## Source information
-- Opening Marker --

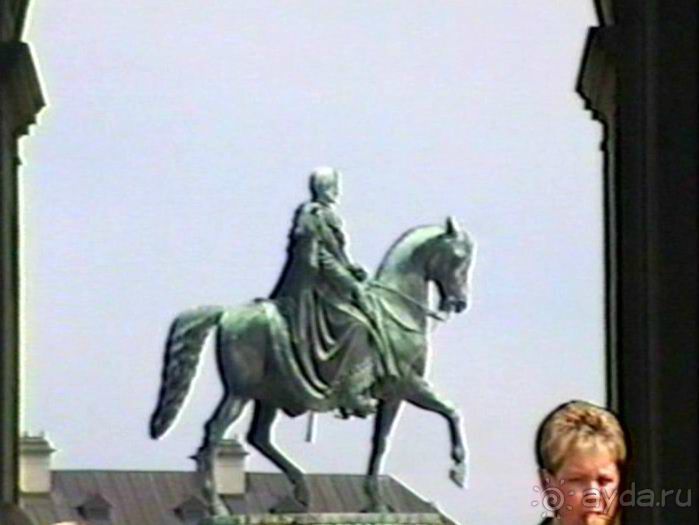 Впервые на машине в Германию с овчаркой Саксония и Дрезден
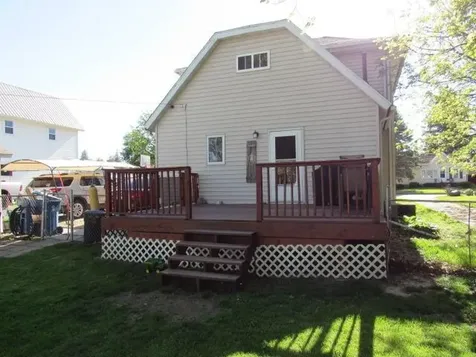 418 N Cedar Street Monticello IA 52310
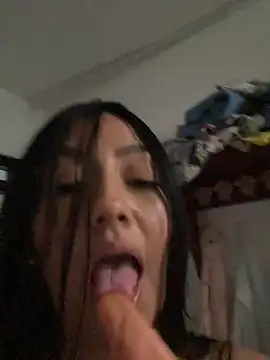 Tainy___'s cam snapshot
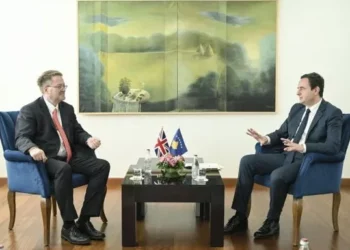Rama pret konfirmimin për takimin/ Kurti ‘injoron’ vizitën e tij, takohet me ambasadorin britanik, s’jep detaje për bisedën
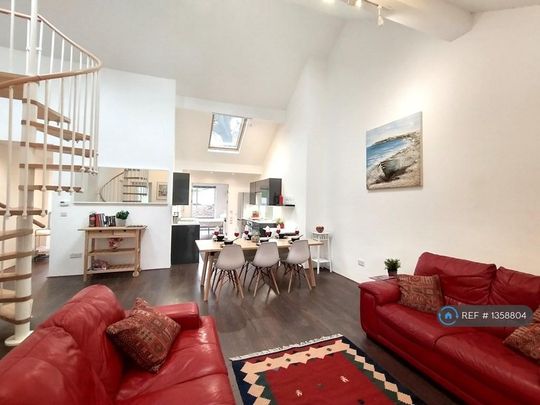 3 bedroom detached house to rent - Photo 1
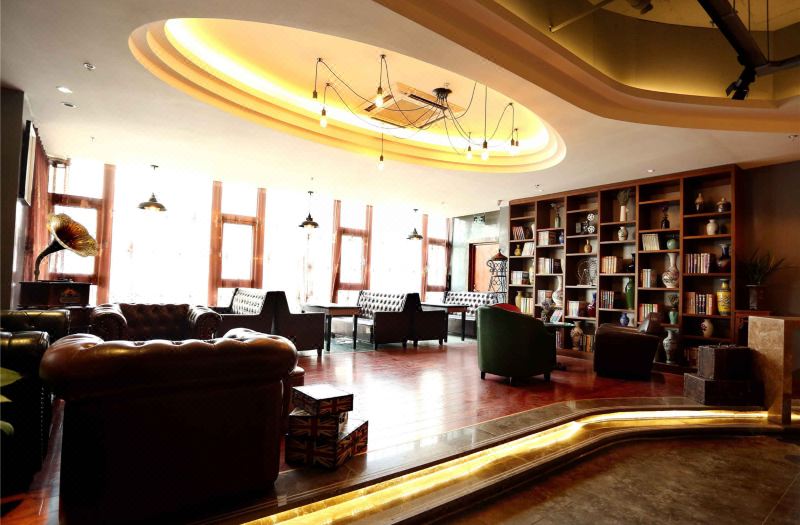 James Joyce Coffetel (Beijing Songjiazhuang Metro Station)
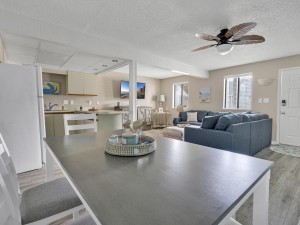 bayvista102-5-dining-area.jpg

-- Closing Marker --
-- Opening Marker --

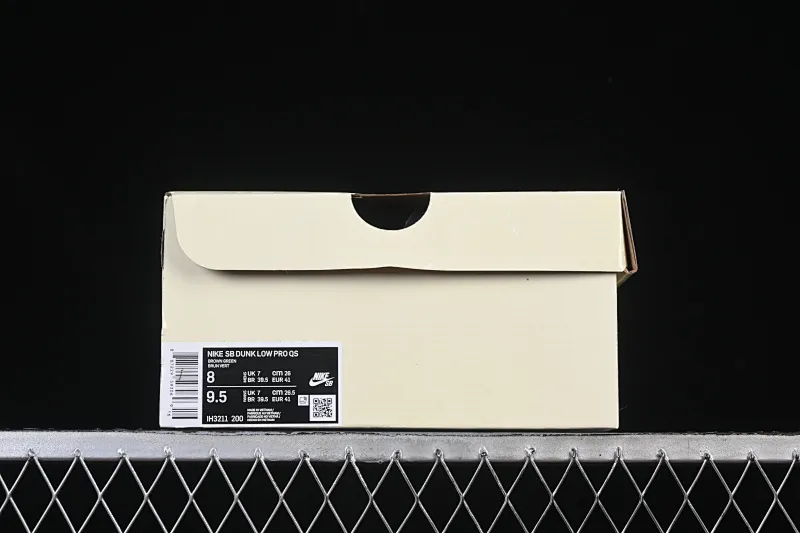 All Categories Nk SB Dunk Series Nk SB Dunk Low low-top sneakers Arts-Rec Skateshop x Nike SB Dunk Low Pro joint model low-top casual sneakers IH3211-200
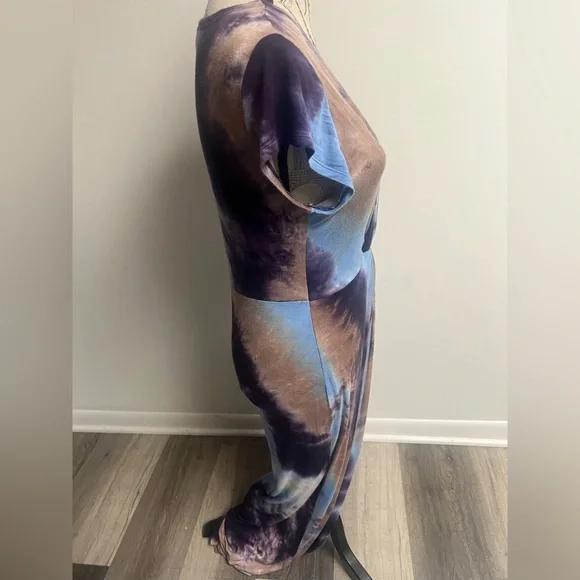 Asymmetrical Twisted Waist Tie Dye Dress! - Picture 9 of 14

-- Closing Marker --
-- Opening Marker --

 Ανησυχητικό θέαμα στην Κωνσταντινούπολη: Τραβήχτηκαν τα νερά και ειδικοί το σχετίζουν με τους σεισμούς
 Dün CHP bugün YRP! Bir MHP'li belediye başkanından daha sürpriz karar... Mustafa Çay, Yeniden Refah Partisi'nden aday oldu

-- Closing Marker --

## What to produce
Look back at the data above, then output exactly the lines from the line holding "Впервые на машине" up to and including the line holding "bayvista102-5-dining-area.jpg". Leave out the pictures.

## Response to this task
 Впервые на машине в Германию с овчаркой Саксония и Дрезден
 418 N Cedar Street Monticello IA 52310
 Tainy___'s cam snapshot
Rama pret konfirmimin për takimin/ Kurti ‘injoron’ vizitën e tij, takohet me ambasadorin britanik, s’jep detaje për bisedën
 3 bedroom detached house to rent - Photo 1
 James Joyce Coffetel (Beijing Songjiazhuang Metro Station)
 bayvista102-5-dining-area.jpg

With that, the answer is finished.